§ **Work required**
Find the line with "Read Crack chapter 32 image 47 on Lezhin" in the data below. Repeat it and every line after it up to the end, exactly, but drop the pictures.

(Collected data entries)
---
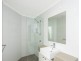 2/216 Arcadia Dr, Shoalwater WA 6169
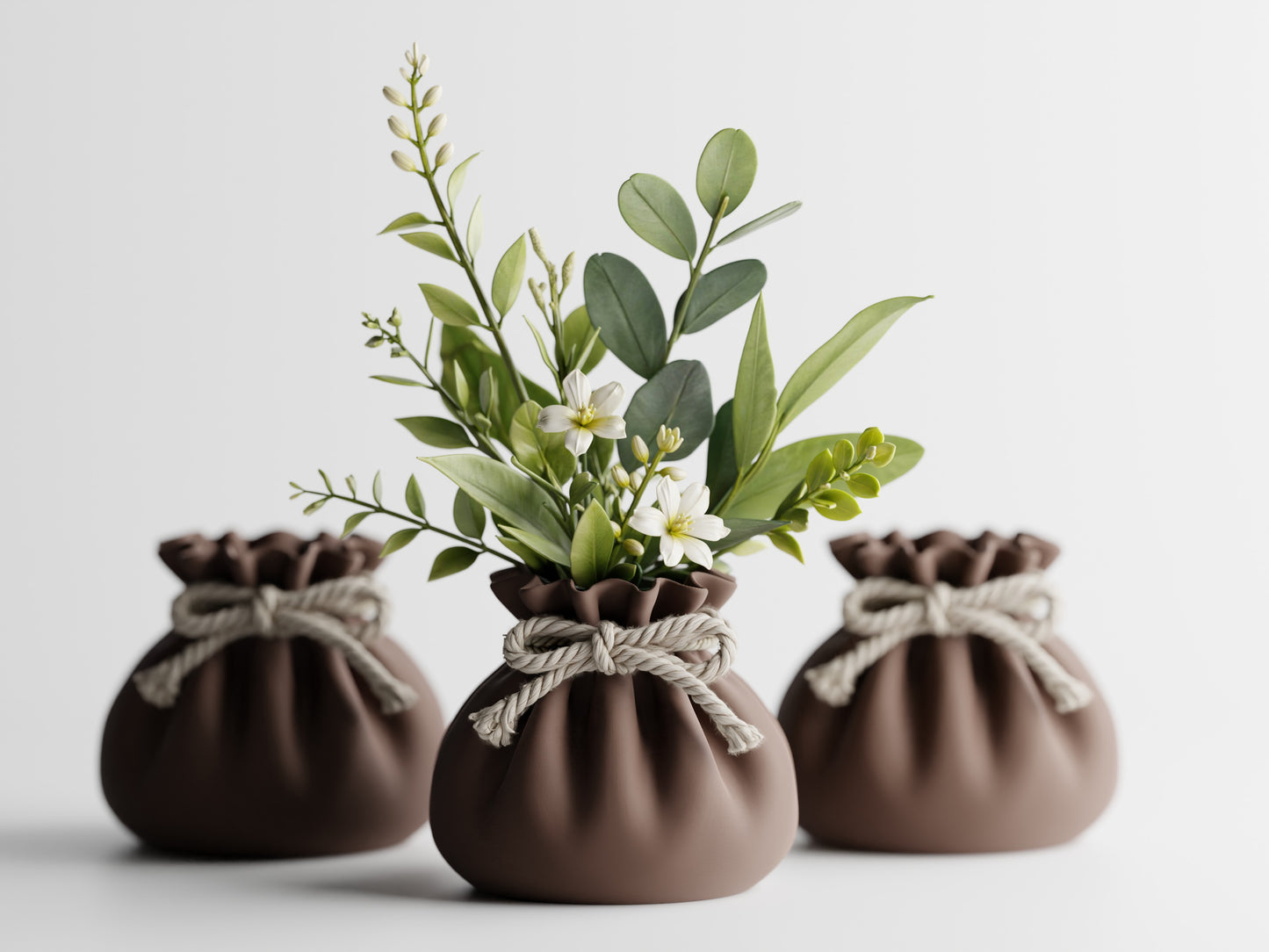 Lazora Vase
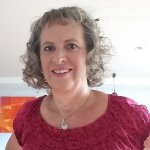 Cinderella Single Ü60 aus Harxheim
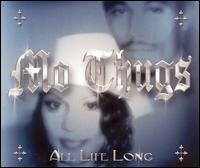 All Life Long von Mo Thugs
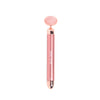 Revati Vibrating Beauty Tool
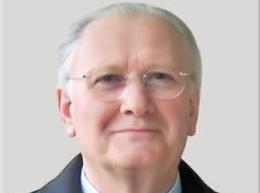 Cavarzere piange il maestro Carlo Baldi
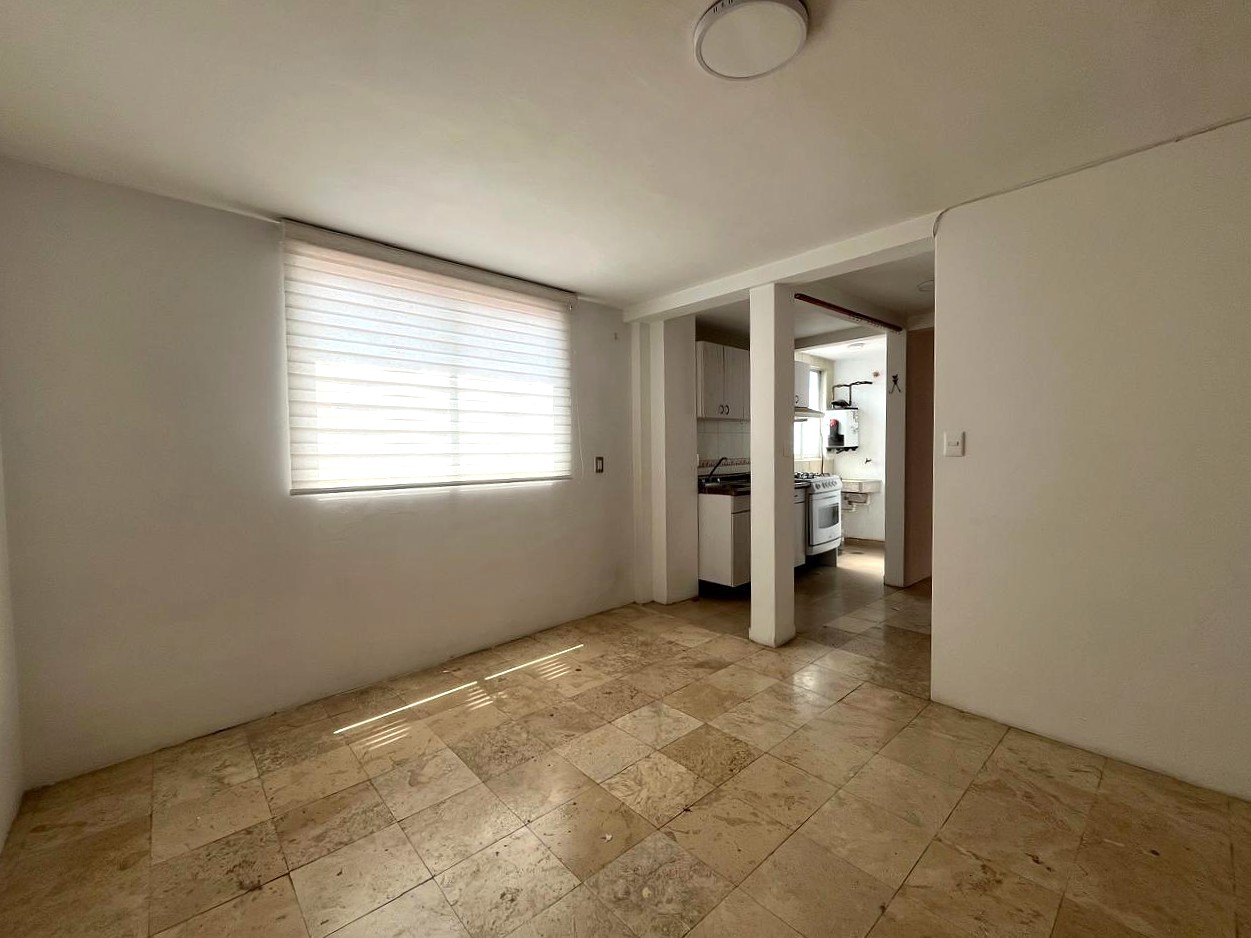 itza-inmobiliaria
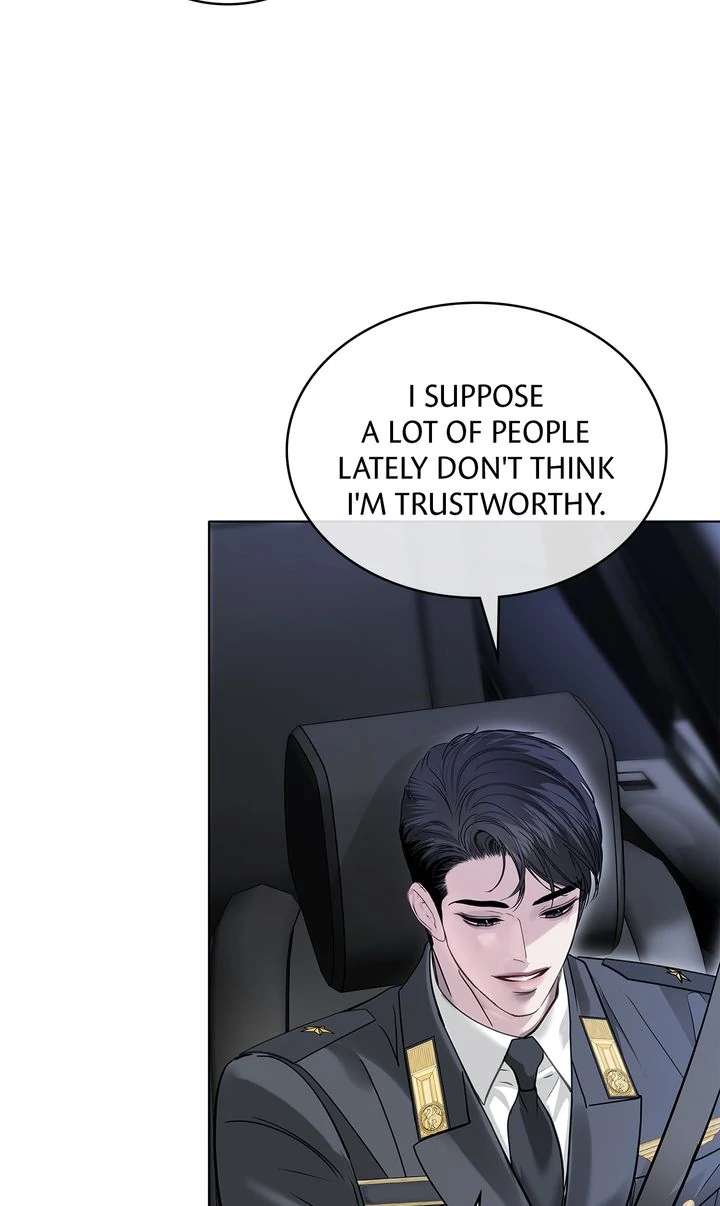 Read Crack chapter 32 image 47 on Lezhin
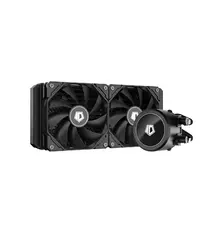 Система водяного охлаждения ID-Cooling Frostflow X 240 Lite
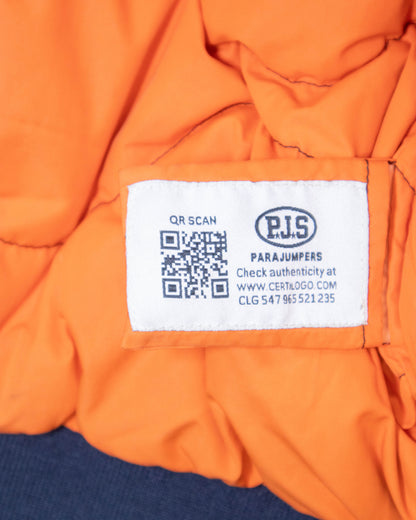 Doudoune Parajumpers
---
§ **Answer below**
 Read Crack chapter 32 image 47 on Lezhin
 Система водяного охлаждения ID-Cooling Frostflow X 240 Lite
 Doudoune Parajumpers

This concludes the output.